-- Data --
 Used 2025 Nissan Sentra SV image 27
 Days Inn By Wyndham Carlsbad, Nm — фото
==
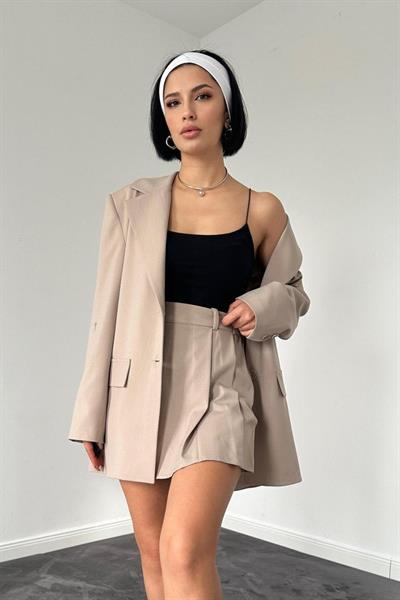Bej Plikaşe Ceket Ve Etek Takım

-- Your instructions --
Retype the entries above exactly, but only from the line containing "Used 2025 Nissan Sentra SV image 27" through the line containing "Days Inn By Wyndham Carlsbad, Nm — фото", both included.

-- Result of this task --
 Used 2025 Nissan Sentra SV image 27
 Days Inn By Wyndham Carlsbad, Nm — фото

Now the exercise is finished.